Team members from LED and DEI are involved in all of U-M’s accepted LAK submissions and we are excited to share our knowledge and gain insights to apply in our work at DEI. Explore the list of the research areas U-M will illuminate at the conference, and learn about our attendees to the doctoral consortium. The conference takes place in Edinburgh from April 25th to 29th, 2016:
What and When: The Role of Course Type and Timing in Students’ Academic Performance
Michael G. Brown, R. Matthew DeMonbrun, Steven Lonn, Stephen J. Aguilar, Stephanie D. Teasley
This paper uses classification data from the Student Explorer early warning system and other factors to examine student, organizational, and disciplinary factors that can predict improvement and decline in academic performance over time. Findings from this study have major implications for the future design of early warning systems as well as academic course planning in higher education.
The Learning Analytics Readiness Instrument
Meghan Oster, Steven Lonn, Matthew D. Pistilli, Michael G. Brown
This paper describes the results from the beta version of the Learning Analytics Readiness Instrument, a survey developed to help institutions of higher education discern their readiness to implement learning analytics. The analysis details differences noted between roles of individuals as well as institutional types. Findings from this research situate institutional readiness for learning analytics as a reflective process within a framework of organizational learning, and how related implementation and application needs to consider ethical implications.
Introduction to Data Mining for Educational Researchers
Christopher Brooks*, Craig Thompson and Vitomir Kovanovi
* = LED Lab Members
“The goal of this tutorial is to share data mining tools and techniques used by computer scientists with educational social scientists. We broadly define educational social scientists as being made up of people with backgrounds in the learning sciences, cognitive psychology, and educational research.

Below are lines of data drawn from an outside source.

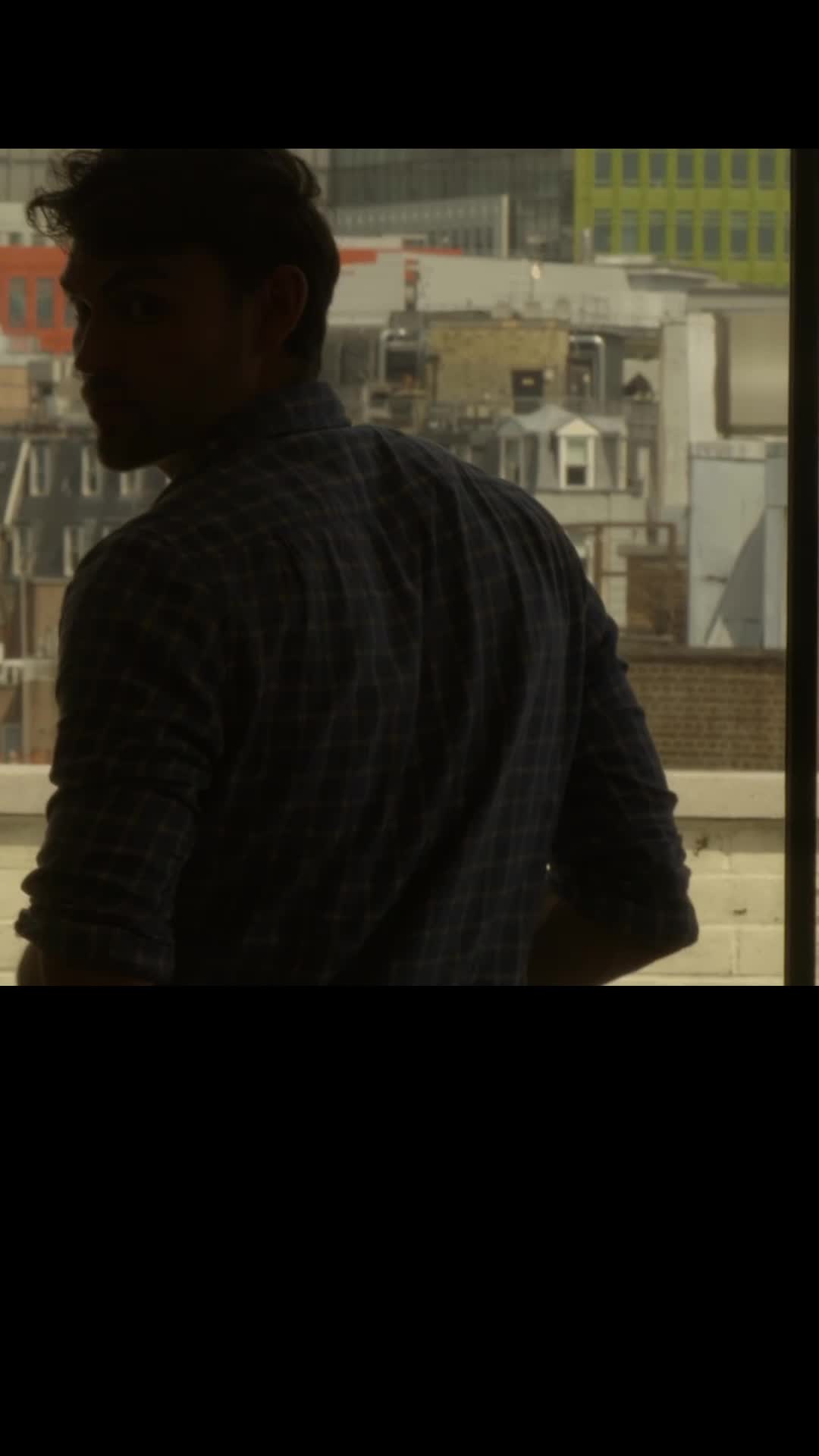 Bölüm 6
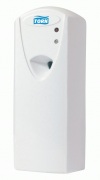 81053 -DISPENS ODORIZADOR PISA TOILET BCO UND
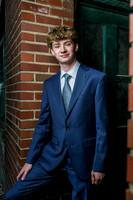 Matthew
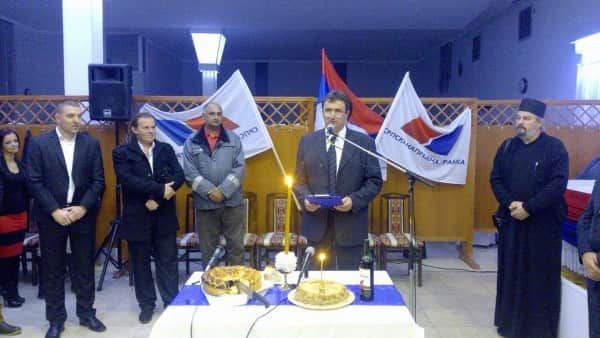 Slava SV Petka , SNS 2015 (12)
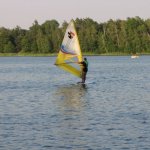 windsurfing_11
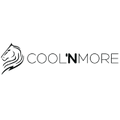 coolnmore logo θερμος καφε νερου μπουκαλια ποτηρια κουπες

The learning analytics community is heavily populated with researchers of these backgrounds, and we believe those that find themselves at the intersection of research, theory, and practice have a particular interest in expanding their knowledge of data-driven tools and techniques.”
Learning Analytics for Curriculum and Program Quality Improvement
Jim Greer, Marco Molinaro, Xavier Ochoa and Timothy McKay*
* = DEI Partner
“Much of the research in LAK to date has been “student facing”, that is, using data to better understand learners and their need or to create interventions that directly support or influence learners. This workshop takes the perspective on how Learning Analytics can drive improvements in teaching practices, instructional and curricular design, and academic program delivery.”
This year, two of the ten participants in the doctoral consortium are PhD candidate members of the LED Lab. Michael Brown and Caitlin Holman have been selected to take part in the doctoral consortium where they will receive feedback and insight from an interdisciplinary community of scholars on their dissertations. Michael (School of Education) will share pilot data from his dissertation on how students form learning communities in large lecture hall courses using social network learning analytics (SNLA). Caitlin (School of Information) will share her work analyzing data gathered from courses using the GradeCraft platform to understand how students take multiple pathways through gameful courses. Stephanie Teasley is a faculty lead for the doctoral consortium.